The general logic for converting a decimal number N is:

  1. Divide N by 16.
  2. Record the remainder.
  3. The quotient becomes the new N.
  4. Repeat until N is 0.
  5. Convert remainders 10-15 to A-F.
  6. Read remainders from bottom to top.

For example, converting 255:

255 ÷ 16 = 15 remainder 15 (F)
15  ÷ 16 = 0  remainder 15 (F)

Reading the remainders upwards gives FF.

💡 If you need to understand the fundamental binary representation of numbers, our Decimal to Binary Converter provides the base-2 equivalent, which is the machine language of computers.

Converting Decimal 255 to Hexadecimal: A Walkthrough

Let's convert the decimal number 255 to its hexadecimal equivalent using the step-by-step division method:

  1. Start with the decimal number: Our input is 255.
  2. Divide by 16 and record the remainder:
    • 255 ÷ 16 = 15 with a remainder of 15. In hexadecimal, 15 is represented by the letter 'F'.
  3. Use the quotient as the new number: The quotient is 15.
  4. Divide the new number by 16:
    • 15 ÷ 16 = 0 with a remainder of 15. Again, 15 is 'F'.
  5. Stop when the quotient is 0: The quotient is now 0, so we stop.
  6. Read the remainders from bottom to top: The remainders are F and F.

Therefore, the hexadecimal representation of 255 is FF. This value is often prefixed with 0x, making it 0xFF.

💡 For conversions to base-8, our Decimal to Octal Converter can be a useful next step, particularly for understanding file permissions in Unix-like operating systems.

Hexadecimal in Computing and Data Representation

Hexadecimal plays a pivotal role in computing and data representation due to its unique relationship with binary. Each hexadecimal digit (0-9, A-F) can represent exactly four binary bits (a nibble). This makes hexadecimal an ideal shorthand for binary strings, greatly simplifying the reading and writing of long sequences of 0s and 1s. It is extensively used in:

  • Memory Addresses: Programmers use hex to specify locations in RAM.
  • Color Codes: Web designers use hex codes (e.g., #FFFFFF for white) to define colors.
  • Data Debugging: Viewing raw data in hex is common when debugging software or analyzing network packets.
  • Byte Representation: Hexadecimal values like 0xFF or 0x0A clearly represent a full byte or a specific control character.

Interpreting Hexadecimal Values in Programming

Professionals in software development, cybersecurity, and hardware engineering frequently interpret hexadecimal values to understand underlying data structures and system states. When a programmer sees 0x0F, they immediately know it represents the decimal value 15 or the binary 0000 1111, often indicating a specific set of flags or a mask. For memory addresses, 0x7FFF FFFF might denote the highest addressable memory in a 32-bit system. In network protocols, hexadecimal is used to display MAC addresses (e.g., 00:1A:2B:3C:4D:5E) or raw packet data during analysis, where each pair of hex digits represents a byte. Debugging tools often present register contents or memory dumps in hexadecimal, requiring engineers to quickly translate these values into their binary or decimal equivalents to understand system behavior or identify errors.

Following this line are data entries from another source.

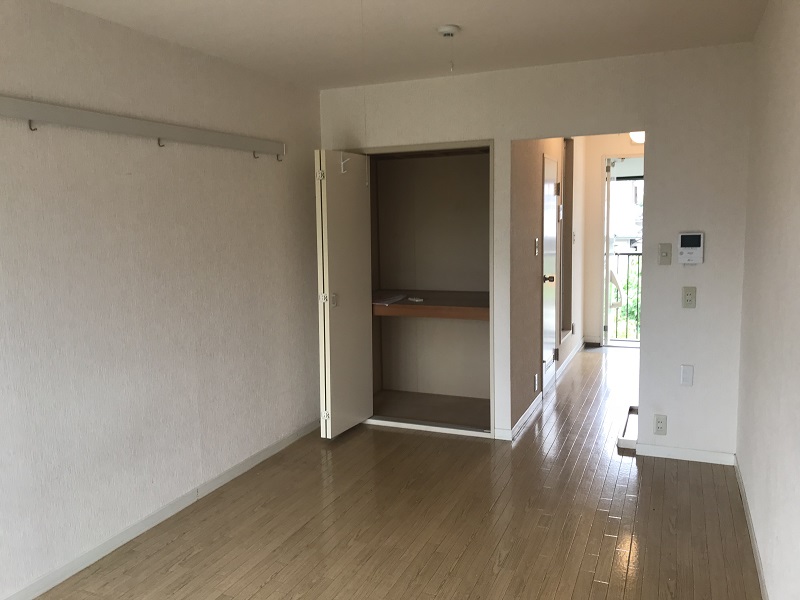 Before画像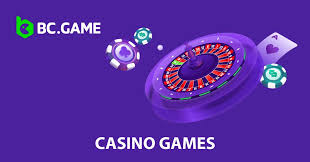 Complete Guide to the BC.Game Registration Process Complete Guide to the BC.Game Registration Process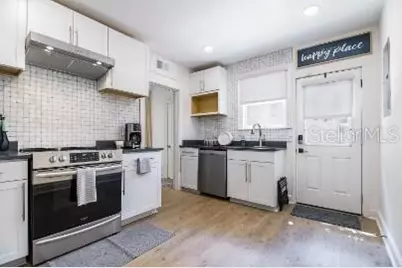 919 SW 6th Avenue, Gainesville, FL 32601 - Photo 5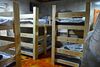 Hostal African Bush Backpackers
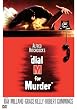 ダイヤルMを廻せ [DVD]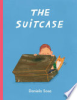 The_suitcase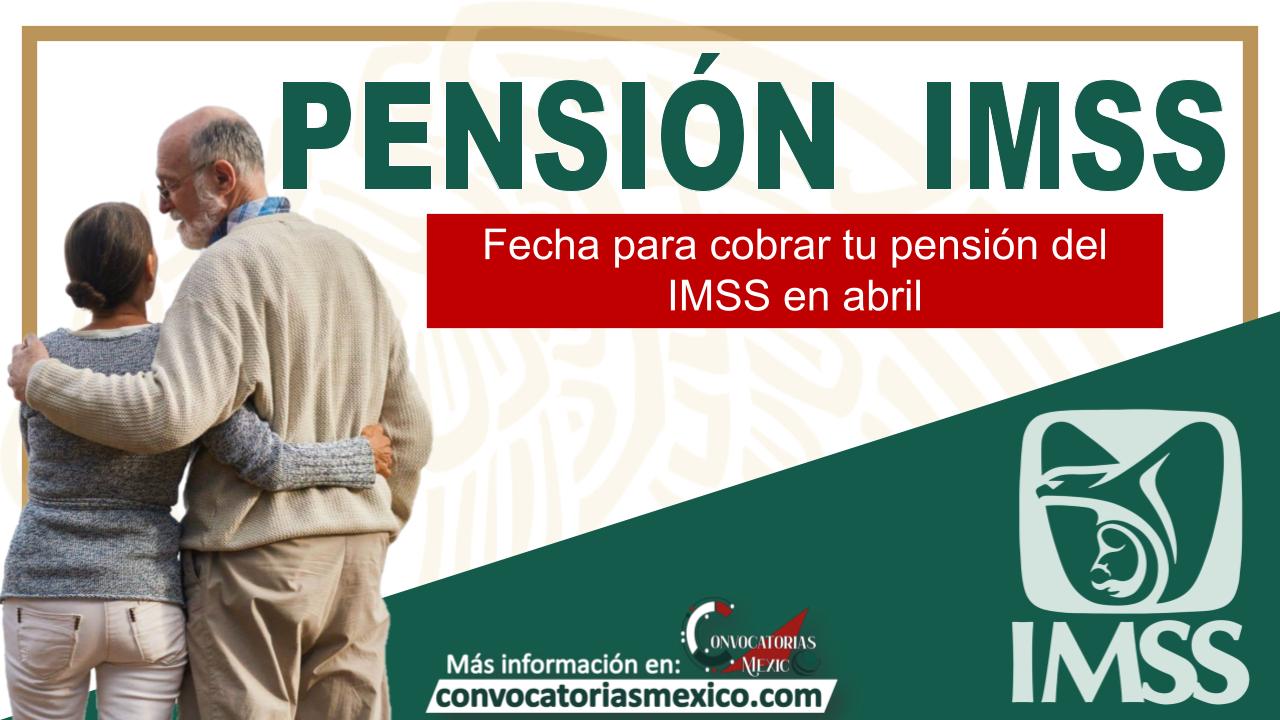 Pension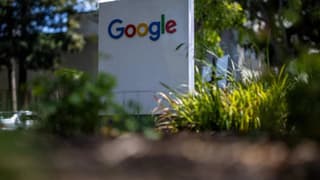 Google medya devleriyle masaya oturdu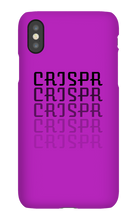 CRISPR Phone Case (IPhone)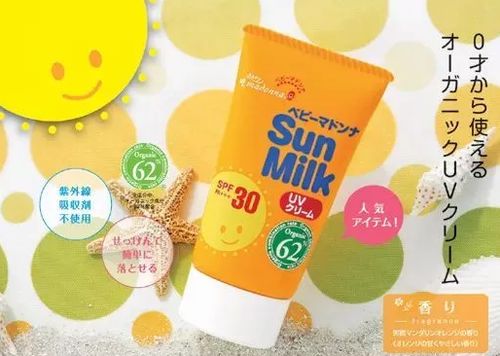 小象優品 | 迎接生豬寶寶，日本必買母嬰產品之產后護理篇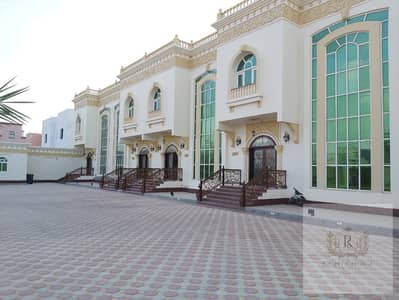 Studio for Rent in Khalifa City, Abu Dhabi - WhatsApp Image 2020-01-04 at 9.27. 34 AM (6). jpeg
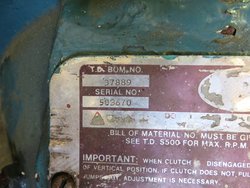 17362-4628-twin-disc-sp-214-p1-5.jpg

Frequently Asked Questions

Why is hexadecimal commonly used in computing?

Hexadecimal is widely used in computing because it provides a more human-readable and compact representation of binary data. Since one hexadecimal digit represents exactly four binary bits, it can express long strings of 0s and 1s in a much shorter format. This makes it easier for programmers and engineers to read and debug memory addresses, color codes, and byte values.

What are the digits used in hexadecimal?

Hexadecimal uses 16 unique symbols as digits. These are the standard decimal digits 0 through 9, and then the letters A, B, C, D, E, and F to represent the values 10 through 15, respectively. For instance, the decimal number 10 is A in hexadecimal, and 15 is F.

How does hexadecimal relate to octal and binary?

Hexadecimal, octal, and binary are all positional number systems based on powers of their respective bases. Binary (base-2) is the fundamental machine language. Octal (base-8) and hexadecimal (base-16) serve as more compact representations of binary. One hex digit corresponds to 4 binary bits, while one octal digit corresponds to 3 binary bits, making hexadecimal generally more efficient for byte-oriented systems.